Sirva de ejemplo una reciente resolución de la jueza Yanibet Rivas, que sin el más mínimo esfuerzo argumental, dejó al desnudo su depauperado concepto de la responsabilidad que pesa sobre ella por la delicada función estatal que desempeña. Fulminó el conocimiento de la revisión de la coerción de un imputado a través de un modelo estereotipado de resolución desprovisto de la más mínima fundamentación. Tan asombrosa fue la quiebra de la lógica, que pretendió avalarla en el evangelio de su antojadiza voluntad.

Cuando los jueces prefieren la aceptación social y el aplauso antes que la aplicación razonada del derecho, el deber de motivación -demostración dialéctica y jurídica en que se apoya la decisión adoptada- pasa a ser obstáculo. De ahí que ciertos jueces aficionados a la arbitrariedad se circunscriban a afirmar, a declarar, en fin, a tirar los dados en lugar de exponer el fundamento de lo que resuelven. Creyéndose deidades colocadas al abrigo de cualquier consecuencia, se alejan a millas náuticas de la exigencia sustantiva de motivación de las decisiones judiciales.

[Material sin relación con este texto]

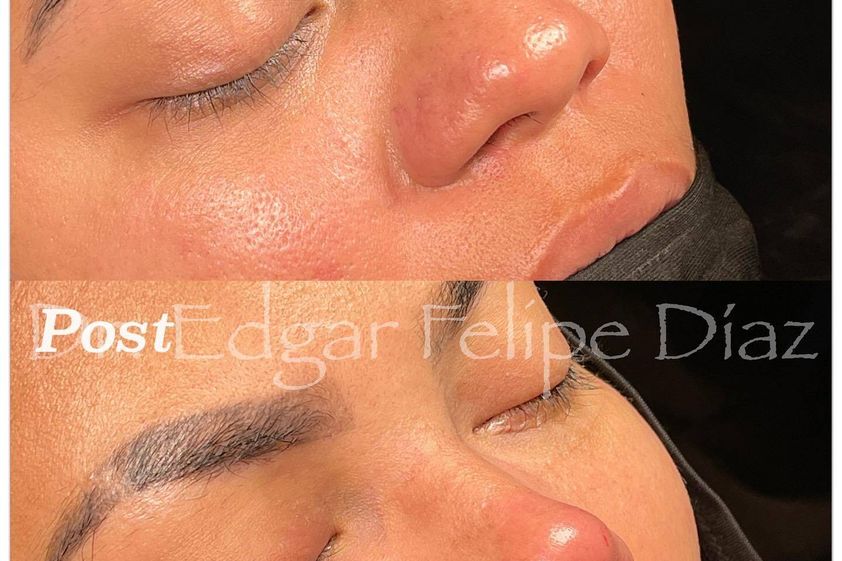 Rinoplastia antes y después - 851065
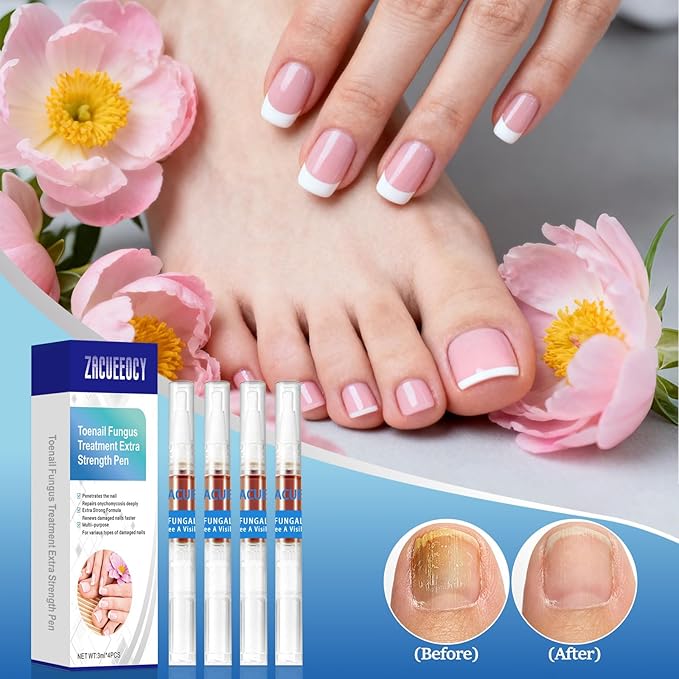 Nail Fungus Pen,4 Pack Nail Treatment Pen，Treatment Extra Strength for Toenail & Fingernails，Fast-Acting Solution for Broken& Discolored Nails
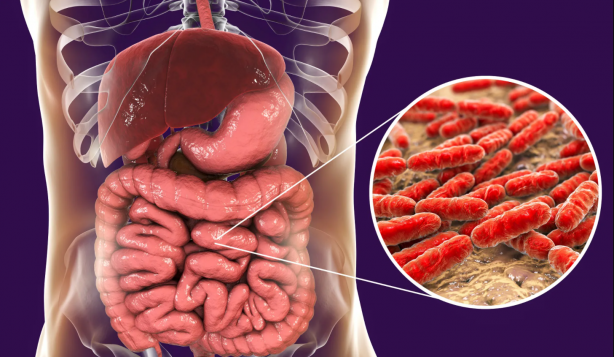 Foto - Karpuz tüketenler dikkat! Bu iki meyveyi birlikte sakın yemeyin...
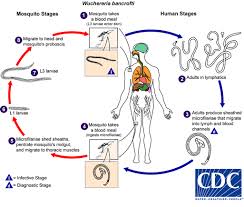 Browse 116 elephantiasis stock photos and images available or search for filariasis to find more great stock photos and pictures. Cdc Lymphatic Filariasis Biology Life Cycle Of Wuchereria Bancrofti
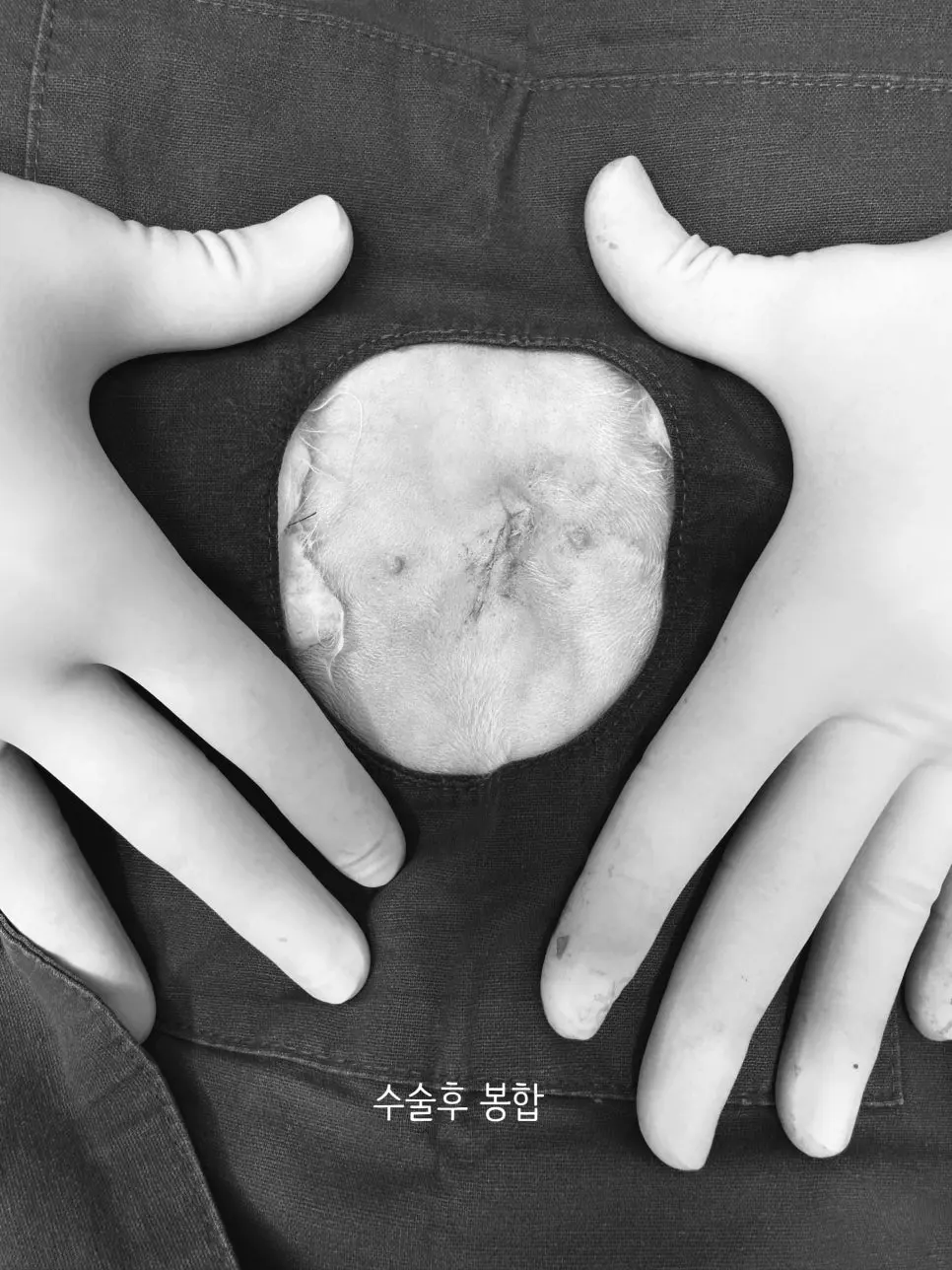 봉합을 마친 절개선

Comportamientos irresponsables como este de la jueza Yanibet Rivas es que podemos asegurar, parafraseando a Saramago, que están matando a la justicia dominicana. Y dado que el Premio Nobel de Literatura aconsejó “perder la paciencia y aullar”, salvo que no pretendamos ser corderos, dejo constancia en este artículo del lastimero papel que la mencionada jueza jugó en el caso que me mueve a escribir. Es entendible que el encierro cautelar como respuesta balsámica inmediata sea el padrenuestro del Ministerio Público, pero el culto que judicialmente se le rinde a su estirada animosidad es lo que nos ha conducido a este escenario, tan absurdo como paradojal, que prioriza el morbo y la presión mediática sobre el Estado de Derecho.